Write out every line exactly, from the start of the records below to the line with "Polo Ralph Lauren", and stop there. Don't write out the pictures.

BEGIN

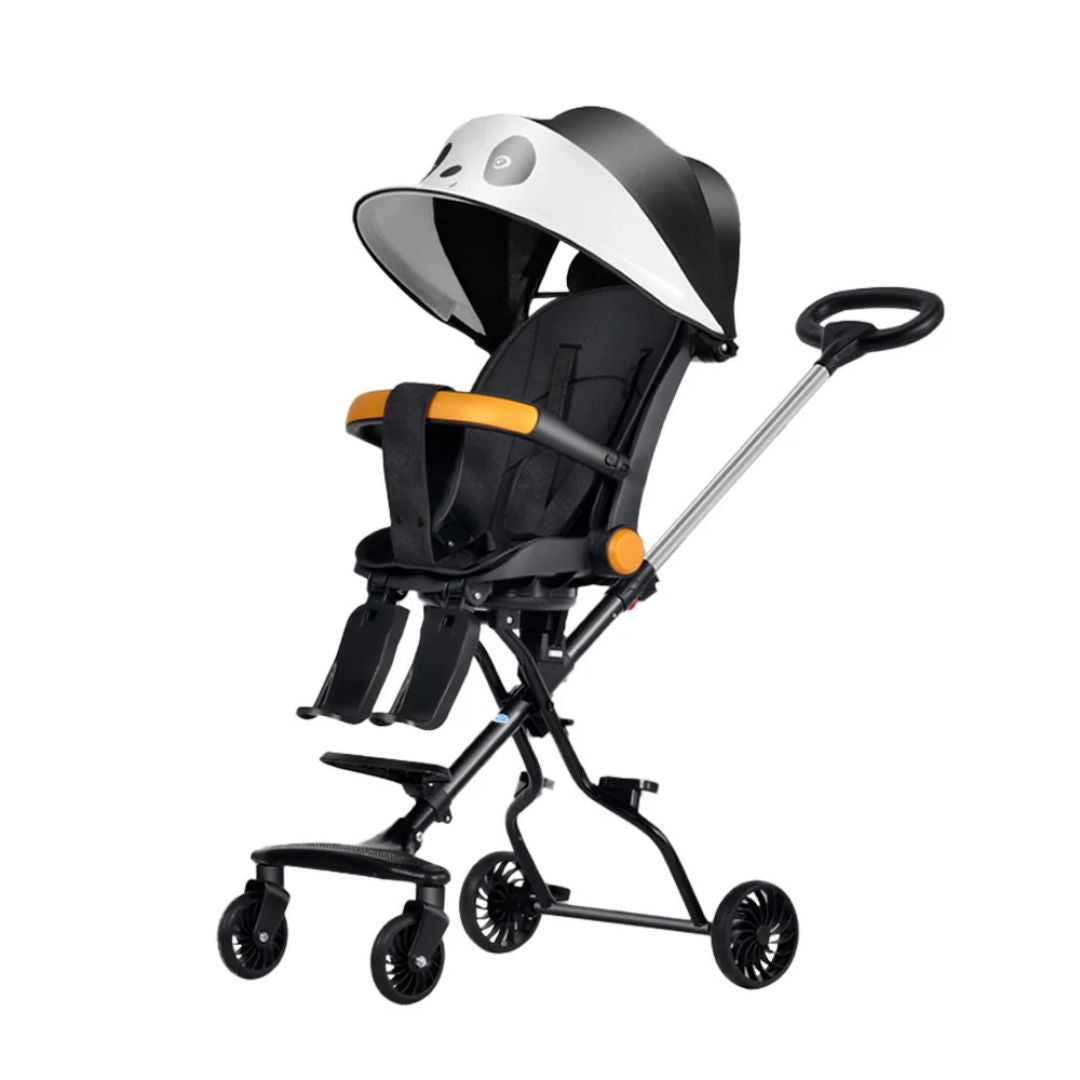Cărucior Sport Bebe Pliabil cu Șezut Rotativ 360°, Spătar Reglabil, Coș de Cumpărături, Roți EVA și Frână – AT PERFORMANCE®, Alb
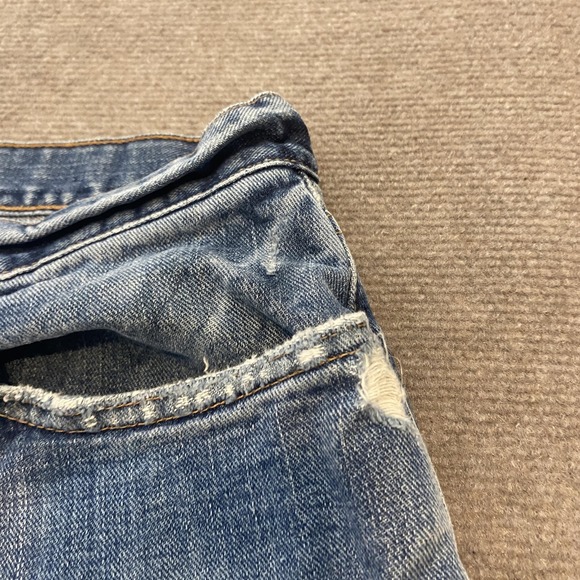 Polo Ralph Lauren Jeans Mens 32 Fits 31x27 Hemmed Distressed Baggy Denim Vintage - Picture 3 of 12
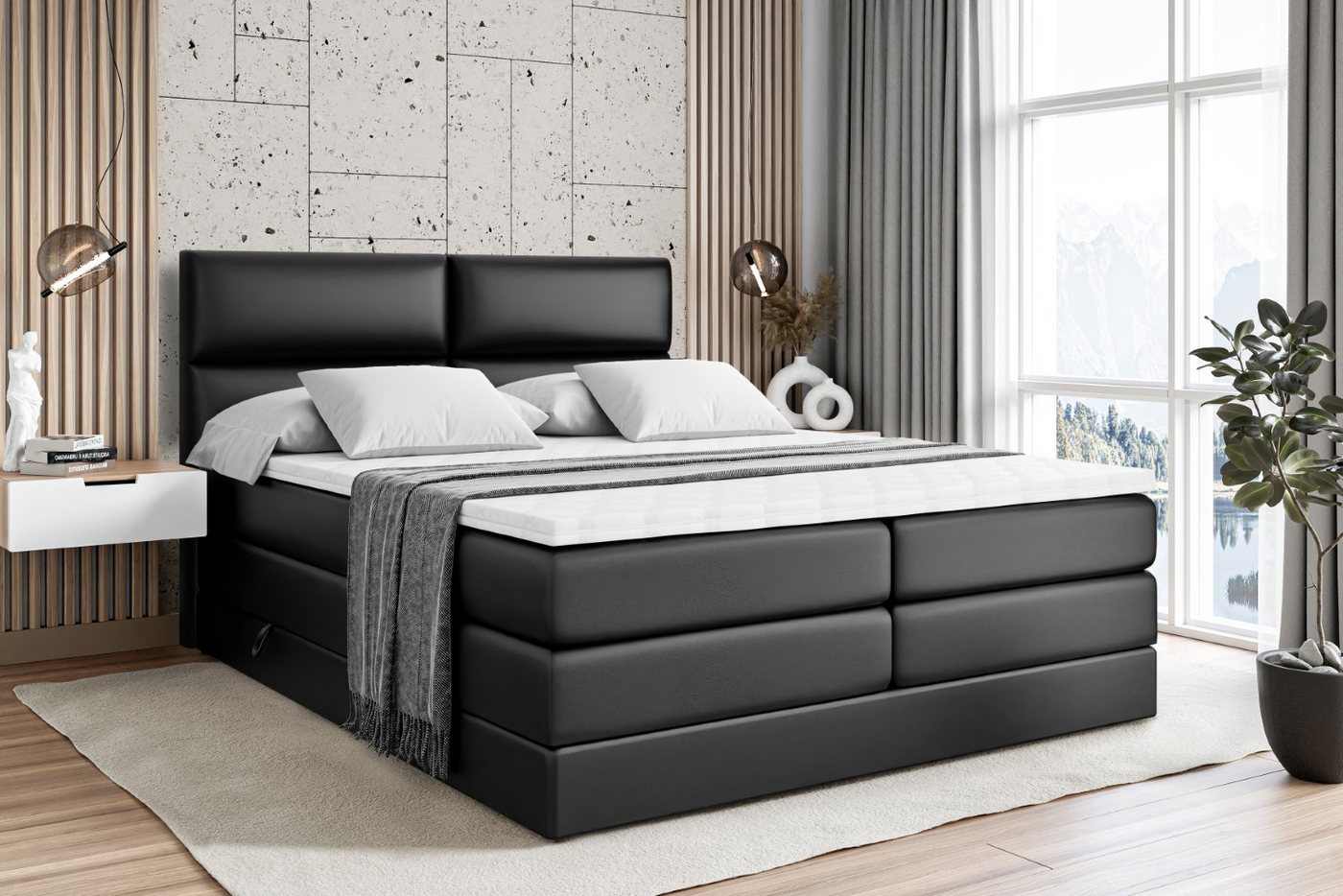 ALTDECOR Boxspringbett BOXI3 KING (Multipocket-Matratze H4, H3 Matratze Bonellfederung, Topper, Kopfteil) von ALTDECOR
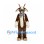 Goat Mascot Costume in Brown with Cream Beard and Checkered Scarf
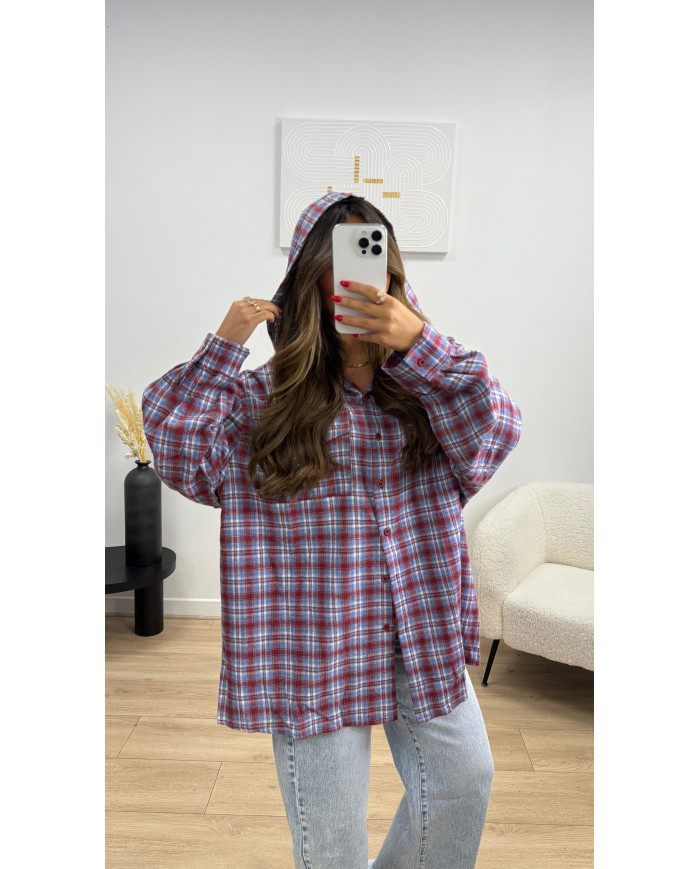 Surchemise à carreaux bleu & Bordeaux à capuche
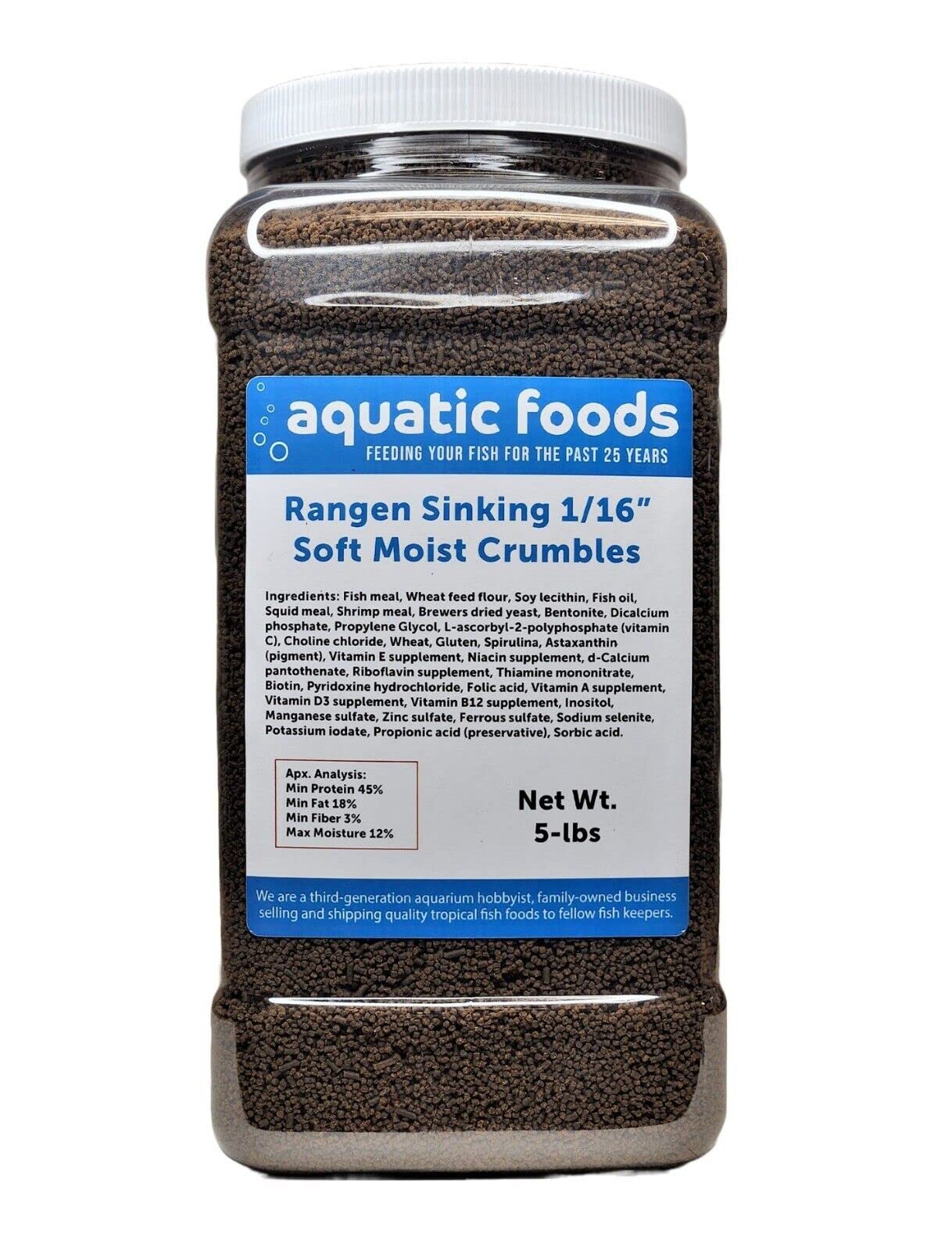 Aquatic Foods Inc. 1/16" Soft Moist Sinking Salmon Crumbles for Baby Axolotls, Shrimp, Snails, Crabs, Small Amphibians, Bottom Tropical Fish...5-lb Lg Jar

END

### [Solution to the exercise]
Cărucior Sport Bebe Pliabil cu Șezut Rotativ 360°, Spătar Reglabil, Coș de Cumpărături, Roți EVA și Frână – AT PERFORMANCE®, Alb
 Polo Ralph Lauren Jeans Mens 32 Fits 31x27 Hemmed Distressed Baggy Denim Vintage - Picture 3 of 12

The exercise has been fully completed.